The few other municipalities which were still based on popular election, such as Norwich, wasted the gift of liberty in Whig and Tory faction fights without a thought of the public welfare. The very idea of efficiency and reform in government seemed contrary to the spirit of that happy, careless old England ; it was invented by the Benthamites for an age more serious and more grim.
But in the arena of national politics, the democratic London of Wilkes's day did a very real service to the country in defying a corrupted Parliament and a corrupting King. Between the accession of George III and the French Revolution, London and its environs became the scene of vigorous contests on political principles, which had been lacking in England since the days of Queen Anne.

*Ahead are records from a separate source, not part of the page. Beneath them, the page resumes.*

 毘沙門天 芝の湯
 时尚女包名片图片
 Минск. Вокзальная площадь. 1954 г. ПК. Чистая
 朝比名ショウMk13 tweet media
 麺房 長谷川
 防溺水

At the very gates of the capital, and within its political orbit, lay two constituencies most unlike the ordinary constituency of the day the thickly populated County of Middlesex that insisted on electing Wilkes, and the City of Westminster, which enjoyed the rare privilege of an extremely democratic franchise.

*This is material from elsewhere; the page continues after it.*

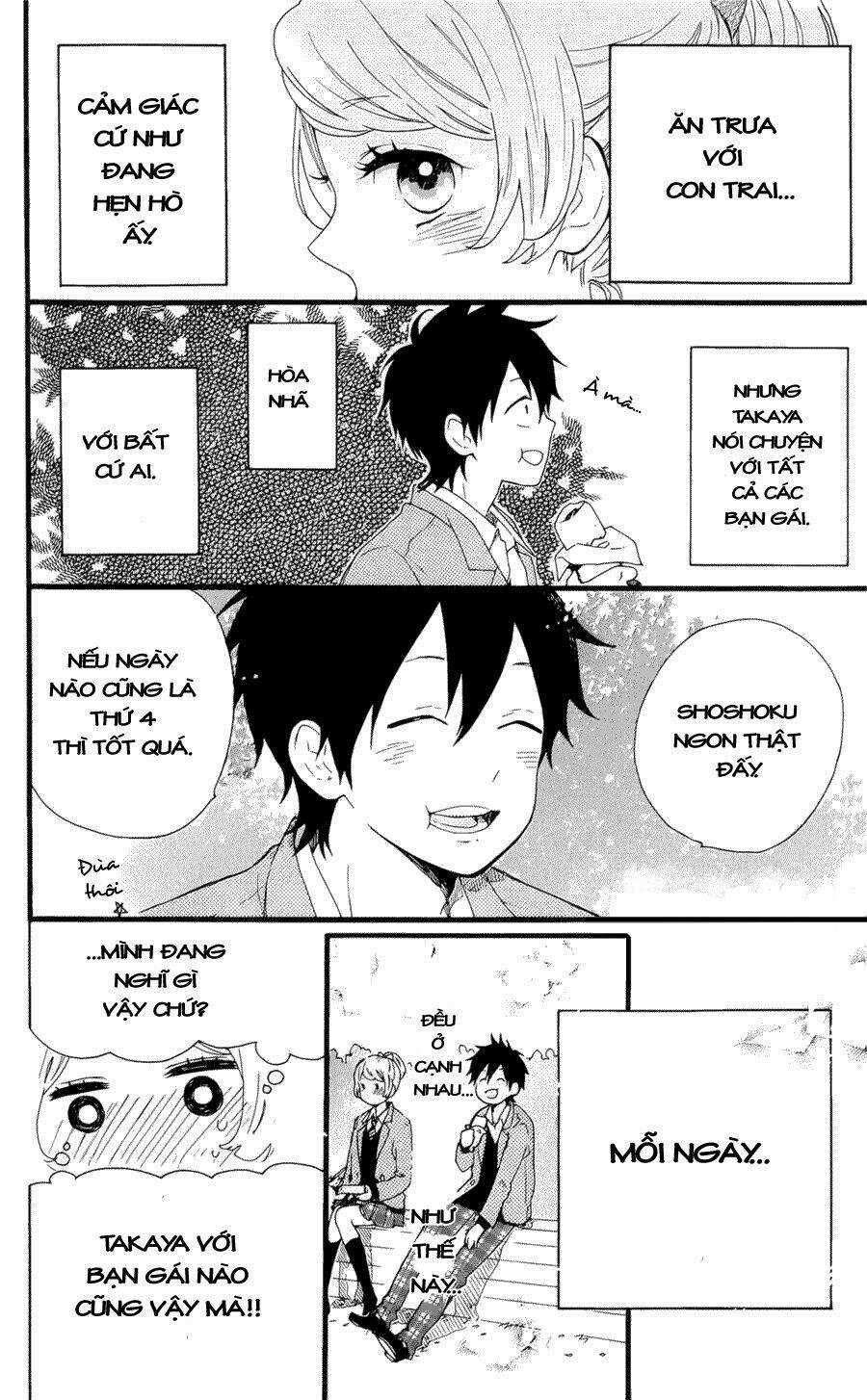 Hibi Chouchou - Chapter 48.5 - Trang 8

The Westminster elections were of national importance, partly because of their exceptionally popular character in the age of rotten boroughs, partly because of their neighbourhood to the Court and Parliament, and partly because of the tie formed between the Westminster electors and Charles James Fox. The son of an old corruptionist who represented to the nation all that was most profligate in the political oligarchy, Fox became the first great democratic leader and orator of modern England. ` His inmost soul,' wrote Gibbon in horror, ` is deeply tinged with democracy.' Under the spell of this most aristocratic of democrats, whose life dramatised the paradox of English politics in that period, Westminster hustings became a notable scene. A subject of Frederick the Great of Prussia, who had strayed into the middle of a Westminster election in 1782, thus describes what he saw and felt there:
The election was held in Covent-garden. There was a scaffold erected just before the door of a very handsome church.' It was called the hustings, on which those who spoke to the people stood. In the area before the hustings, immense multitudes of people were assembled; of whom the greatest part seemed to be of the lowest order. To this tumultuous crowd, however, the speakers often bowed very low, and always addressed them by the title of gentlemen. When you see how in this happy country the lowest and meanest member of society testifies the interest he takes in everything of a public nature, when you see how high and low, rich and poor, all concur in declaring their feelings and their convictions, how a carter, a common tar, a scavenger, is still a man, nay, an Englishman, take my word for it you will feel yourself very differently affected from what you are when staring at our soldiers in their exercises at Berlin.'
It is true that if the good man had witnessed an election at an average English borough, or had ascertained that Manchester and Birmingham were unrepresented, he might have felt less enraptured. Nevertheless, he had seen something great, which had then no parallel in France, Spain, Italy or in his own country, something which, for all its absurdities, was of the heart of England.